3. A tree limb penetrates a windshield as the driver is doing 45 on a two-lane highway; an explosive sound, glass like sugar coating the driver’s skin. This one isn’t a vision in the technical sense. You might remember when it happened, I wrote to you about it. Looking back I realize I should have seen it as a warning. It rained the day before and the hillside trees with their shallow root systems were saturated. I was on the phone with Kate, who was telling me what she wanted from the taco truck, and then a tree was hanging in front of me, upside down, as if dangling from the sky by its roots. The limb through the windshield was ten inches around. As the EMTs duct-taped the glass dust off my sweaty skin—it was Labor Day, I’d just come from the gym—the police officer who took the report walked around and around the car.
So you didn’t swerve to avoid it, he said.
No, I said, wanting to explain that in the spl
it second between tree-dangle and limb-pierce, a little eternity opened up during which I was able to almost leisurely evaluate the situation. Swerve right and hit the hillside, swerve left and risk a head-on collision, let the tree hit and give yourself the best odds.
Six inches to the right and you’d of had a limb through your skull, the policeman said.
When I wrote to tell you about the wreck, I wanted you to call and say—what? Get on a plane, let’s not waste any more time? I’m coming to see you, life is precarious, we should be together?
I’m glad you’re okay, you wrote. Then shared a short history of your own car wrecks, one involving a school bus with a football team on board.

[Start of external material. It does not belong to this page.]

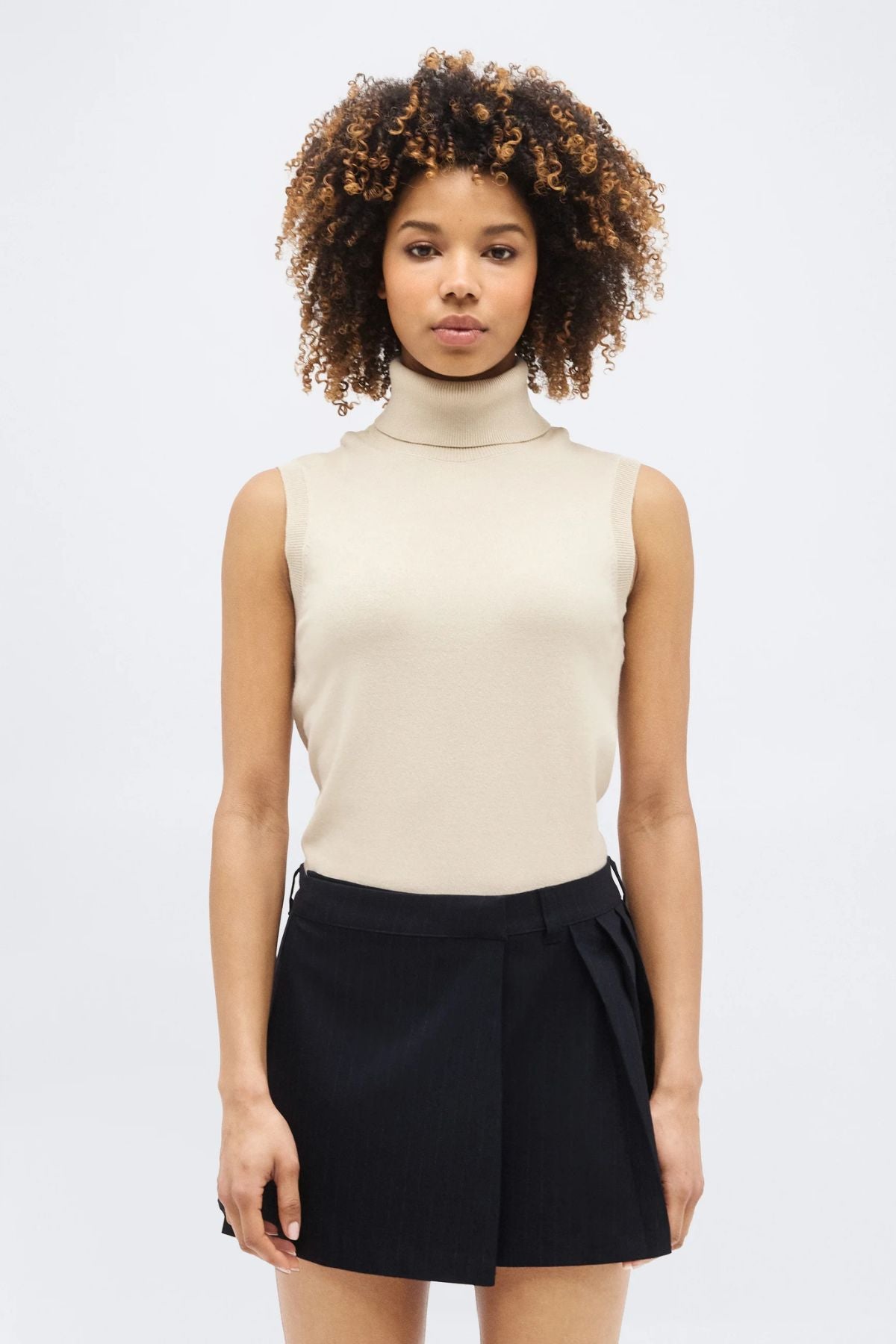 MSCH Isabis R Vest - The Modern Layer

Clean, minimal and endlessly versatile. The MSCH Isabis R Vest is an easy knitted layer designed to add warmth and texture without the weight of a full knit.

Last week I wrote on my wrist, in a superfine Sharpie, in a tiny cursive script that only I could read: wings, cloak, sugar. To fortify my resolve to never contact you again.
What’s that on your wrist? Thomas asked.
Just a few things I need to pick up at the market, I said.
One day, while the children are at school—Kate in third grade, Tommy in first—she goes into the bedroom and sees the cat pawing a string hanging from the edge of her pillow. Beneath the pillow she finds a drawstring bag with a tiny pink pebble vibrator inside, delicate, shaped like a kidney bean. She presses the button at its base, presses it again; the vibration quickens and changes pattern.
At the bottom of the bag is a note from Thomas: This one’s just for you. Try it? And—if you like it—maybe we can use it together?
God wants your holiness, not your happiness—this from a sermon in her parents’ church. All of history, the pastor said, is one long terrible story of men and women trying to make themselves happy. They try so many things. Nothing works. They cry out to God: Can you please give me something to make me happy? And God says: I give you Myself. Yes, yes, they say, but give me something tangible, something with skin on it! And God says: Unless you have me, I have nothing to give.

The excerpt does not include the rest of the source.